Bar Exam MBE & Scaled Score Calculator

Estimate your UBE scaled total from MBE, MEE and MPT performance.

Enter your estimated MBE raw score plus written MEE and MPT component scores to project a Uniform Bar Exam scaled total (out of 400) and compare it to your state's passing line, typically 260 to 270.

How is the Uniform Bar Exam scored?

The UBE total is out of 400 and is split 50/50 between the MBE and the written component. The MBE (200 points) is the scaled multiple-choice score; the written side (200 points) combines the MEE essays (30%) and the MPT (20%) of the overall exam, scaled to the MBE.

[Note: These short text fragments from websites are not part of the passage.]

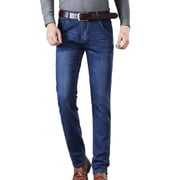 LOVZFMLL Jeans Hommes Solid Color Pocket Fashionable Casual Youth Sport polyvalent Jeans Pantalons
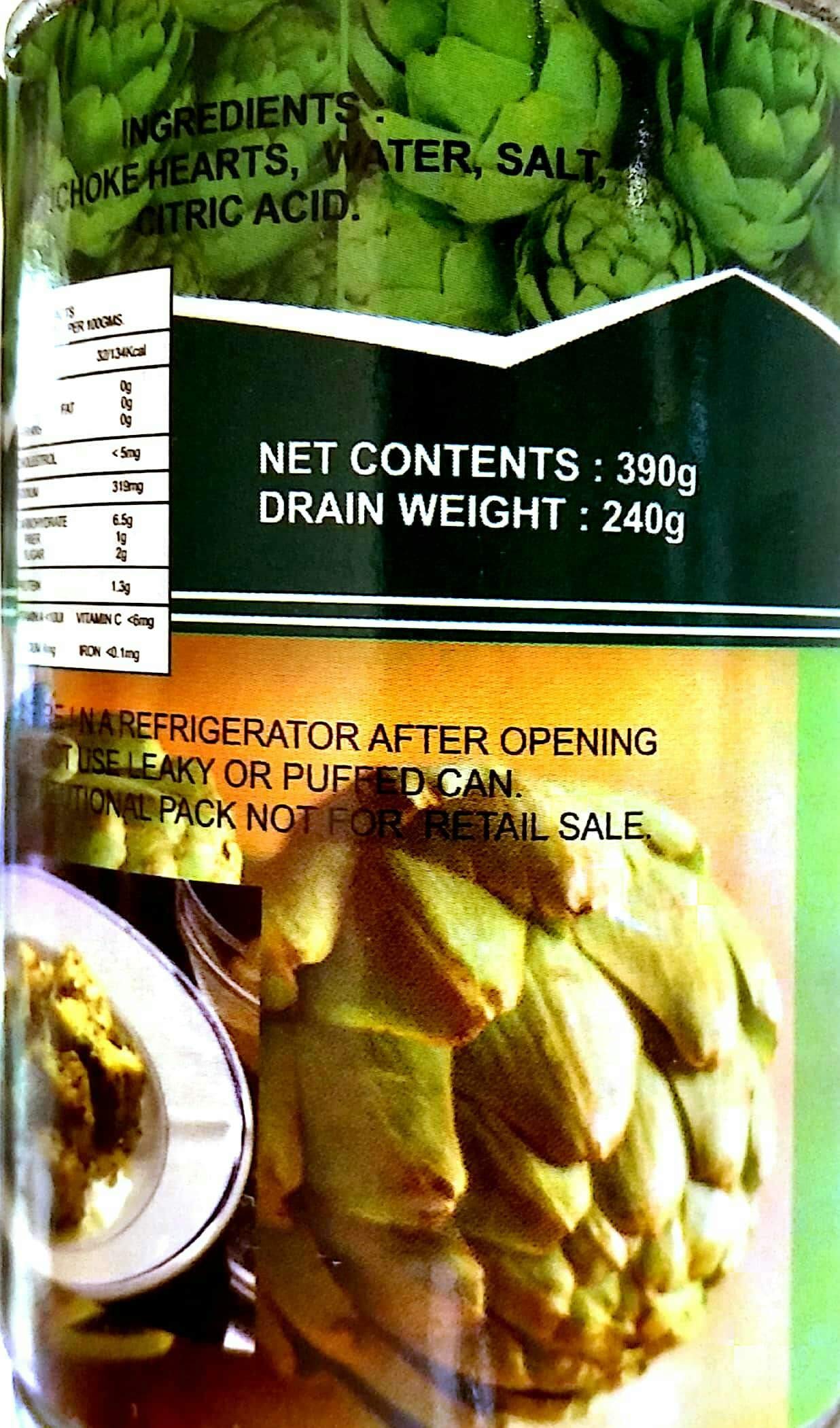 Delicias Artichoke Hearts, 390g 4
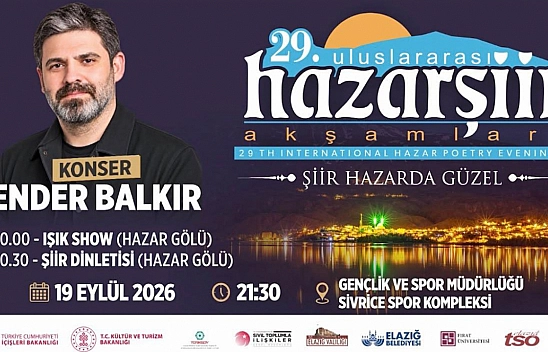 29. Uluslararası Hazar Şiir Akşamları başlıyor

Bar exam MBE & scaled score calculator

The Uniform Bar Exam (UBE) reports a single scaled total out of 400, weighted 50% MBE (multiple choice) and 50% written (MEE essays + MPT tasks). This tool turns your practice MBE raw count and estimated written scores into a projected UBE total so you can see how close you are to your jurisdiction’s passing line.

How it works

The estimate is built in three parts:

  1. MBE side (max 200). You enter how many of the 175 scored MBE questions you got right. The tool computes your percentage and maps it onto the 0-200 scaled range as a first-order approximation of NCBE equating.
  2. Written side (max 200). The MEE counts for 30% and the MPT for 20% of the whole exam — a 3:2 split within the written half. Your 0-100 component scores are combined in that ratio and scaled to the 0-200 written range.
  3. Total. MBE scaled + written scaled gives a projected total out of 400, which is compared against the cut score you set (commonly 260-270).

Example and notes

Suppose you answer 130 of 175 MBE questions correctly (about 74%), giving roughly 149 scaled MBE points, and average 70 on the MEE and 72 on the MPT for about 142 written points — a projected 291, comfortably above a 266 cutoff. Because the NCBE’s true equating is proprietary and shifts each sitting, treat this as a planning estimate, not an official score. Confirm your state’s exact cut score before relying on the margin.